On entend souvent des parodies de chansons célèbres et soyons franc, ça sonne rarement bien. Pour ce projet, je parlerais plutôt d’adaptation. Le texte est bien écrit, le nombre de pieds est respecté et le choix des chanteurs – pourtant amateurs – est au niveau de la technique que demande la chanson. Il fallait aussi faire sonner le tout en respectant le mixage original, très marqué « années 80 ».

« Chanter en studio est une expérience qui peut être stressante ! »

 Comment as-tu dirigé les 12 apprentis chanteuses / chanteurs en studio ?

Honnêtement, ce n’était pas très difficile. Les interprètes étaient prêts.
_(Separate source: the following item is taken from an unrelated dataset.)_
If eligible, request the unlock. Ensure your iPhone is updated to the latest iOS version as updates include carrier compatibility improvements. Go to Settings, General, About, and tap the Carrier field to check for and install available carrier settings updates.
Ils avaient répété et ils connaissaient les parties qui leur avaient été confiées. Il a surtout fallu les rassurer. Chanter en studio est une expérience qui peut être stressante quand on n’a pas l’habitude. Je me suis occupé des placements, de la distance par rapport au micro. Une fois les aspects techniques réglés, on a appuyé sur « REC » et la magie a opéré.
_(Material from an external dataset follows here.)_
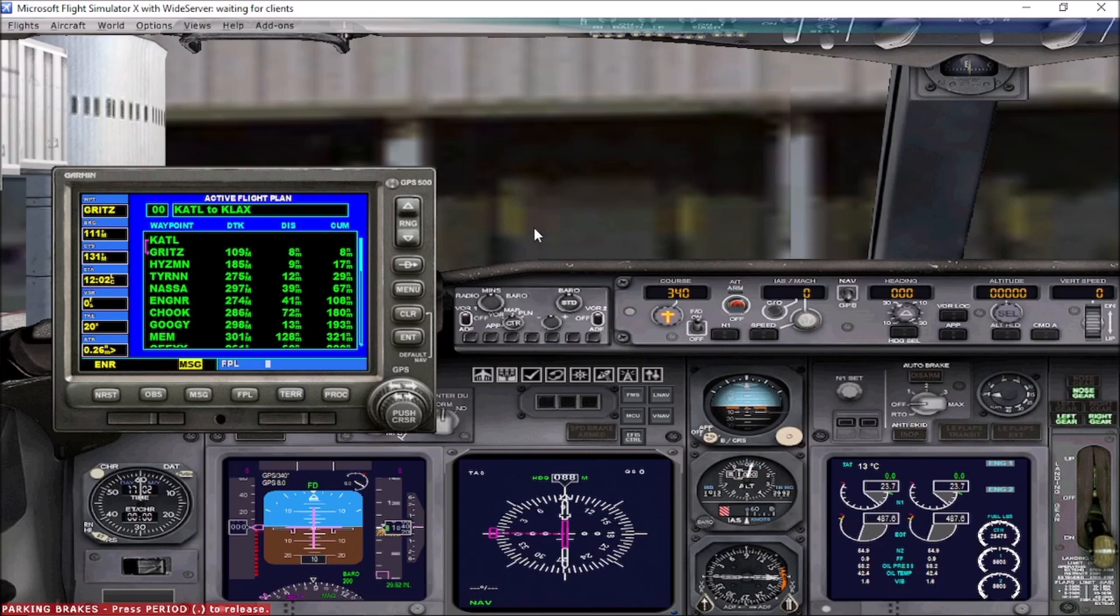Just get your air traffic control clearances. Get to the runway. Take off. Turn on your autopilot. And then hit your GPS. And you're good to go.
Le plus difficile était de les empêcher de battre la mesure avec le pied !

On imagine souvent qu’une chanson est enregistrée en une seule fois, avec tout le monde derrière le micro…
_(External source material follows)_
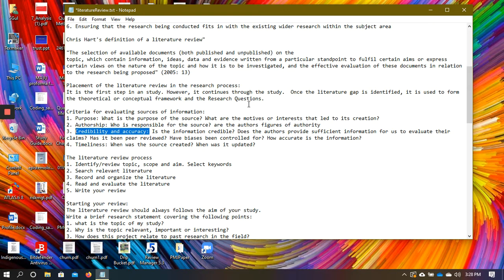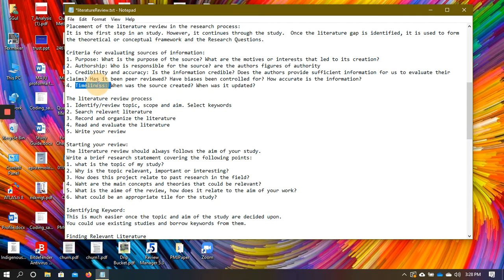The fourth concern is timeliness — when was the information gathered, analyzed, and published? Can we rely on studies from the 1960s and say their findings are still valid? Has anyone updated those findings or collected additional information to ensure they remain robust? These four concerns — purpose, authorship, credibility, and timeliness — should guide our evaluation of every source.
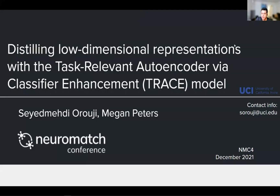Hi, my name is Mehdi Oruji. I'm a PhD student at the University of California, Irvine, and today I'm going to talk about our work in distilling low-dimensional representations with task-relevant autoencoder by classifier enhancement, or the TRACE model.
On pourrait croire que l’on enregistre tout d’un bloc… c’est une idée reçue. On enregistre plusieurs versions, légèrement différentes, on réajuste, on coupe, on reprend le même passage avec un seul chanteur… C’est un travail qui prend beaucoup de temps, alors avec un groupe complet, c’est un assemblage minutieux ! De la Haute Couture musicale !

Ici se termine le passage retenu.